Take out any extra frames especially of empty drawn comb, and condense the hive down until it has pretty high population density if it is too roomy. Then close up any cracks or extra entrances so that the only way in and out is through a well guarded single entrance that is as small as possible. Try to eliminate any areas in the hive that the beetles can get into, but the bees can't. That will allow the bees to keep the beetles from being able to move around easily and will help to prevent them from being able to lay eggs in open nectar. Then you can trap them in pieces of corrugated cardboard - they will crawl inside to hide from the bees. Put the cardboard on a long wire and stick it in through the entrance so that you can change it without opening the hive - squash it good or drop it in a coffee can with some oil in it. The confusion caused by opening the hive lets the beetles scramble around and lay eggs. You can do all that right now, then look into your options for IPM and beetle traps. Don't delay. Good luck.


----------



## Tom Fran (May 18, 2010)

Fish Stix - Whatever those are in my picture, they are about 1/20th the size of those in the video.

If they are beetles, then I will need to get some of those traps like the man in the video was placing - Right? That's not that big of a problem is it?


----------



## LT (Aug 17, 2006)

Looks like earwig poop


----------



## Omie (Nov 10, 2009)

Could the tiny black things in your photo be the_ poop_ of something else, like maybe wax moth larvae poop?


----------



## Tom Fran (May 18, 2010)

I don't know what kind of poop or whatever else it could be. This is all new to me. 
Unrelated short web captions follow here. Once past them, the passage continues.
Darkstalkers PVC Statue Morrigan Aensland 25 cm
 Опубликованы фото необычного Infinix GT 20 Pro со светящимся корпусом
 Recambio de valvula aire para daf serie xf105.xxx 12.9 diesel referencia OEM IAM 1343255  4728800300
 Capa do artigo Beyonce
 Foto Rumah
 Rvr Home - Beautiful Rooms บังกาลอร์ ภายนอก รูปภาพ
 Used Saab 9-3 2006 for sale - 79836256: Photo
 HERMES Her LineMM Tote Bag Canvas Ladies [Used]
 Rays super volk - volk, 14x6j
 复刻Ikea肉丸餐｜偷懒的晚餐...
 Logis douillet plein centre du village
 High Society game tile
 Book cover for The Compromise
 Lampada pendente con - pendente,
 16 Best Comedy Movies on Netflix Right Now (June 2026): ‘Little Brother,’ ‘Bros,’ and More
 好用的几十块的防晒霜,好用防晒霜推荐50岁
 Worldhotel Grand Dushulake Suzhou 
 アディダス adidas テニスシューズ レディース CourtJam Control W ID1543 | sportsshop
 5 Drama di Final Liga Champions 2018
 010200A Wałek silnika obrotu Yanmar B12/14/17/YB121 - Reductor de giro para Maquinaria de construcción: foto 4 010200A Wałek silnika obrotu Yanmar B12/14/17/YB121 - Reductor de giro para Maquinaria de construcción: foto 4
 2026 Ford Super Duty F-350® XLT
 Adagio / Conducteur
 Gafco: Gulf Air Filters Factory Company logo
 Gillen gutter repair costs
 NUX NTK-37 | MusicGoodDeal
The hive was totally maxed out with honey and brood. This sure is fun stuff. I can't wait till I get several hives going!


----------



## wdcrkapry205 (Feb 11, 2010)

You won't find Mites congregated under an inner cover. Looks too small to me to be Beetles, if it where, when you where taking pictures they would have been running for cover. Where they moving? Right now I'm voting for the poop theory.


----------



## wdcrkapry205 (Feb 11, 2010)

If it's maxed out with brood and honey you might want to add a super...


----------



## Tom Fran (May 18, 2010)

wdcrkapry205 said:


> If it's maxed out with brood and honey you might want to add a super...


Yes, I did add a super while I was in there. Thanks to all for all the "technical support!"


----------



## Tom Fran (May 18, 2010)

wdcrkapry205 said:


> Right now I'm voting for the poop theory.


Whatever it was, it didn't move. I'm inclined to agree with the poop thing too.


----------



## duck_nutt (Apr 27, 2010)

what kind of poop...

and if something is pooping that much, it needs to go(not go as in poop, but as in leave!)


----------



## river_rat2005 (Jan 19, 2009)

even if its not shb its still a good idea to get you some beatle barn traps and put in your hive so you keep them from getting out of hand. it gets nasty and you will loose the hive if they get too bad.


----------



## Tom Fran (May 18, 2010)

I guess it could be from a ****roach, since I found one inside the inner cover. 

I will definitely get some beetle traps and place them in the hive. Better safe than sorry.


----------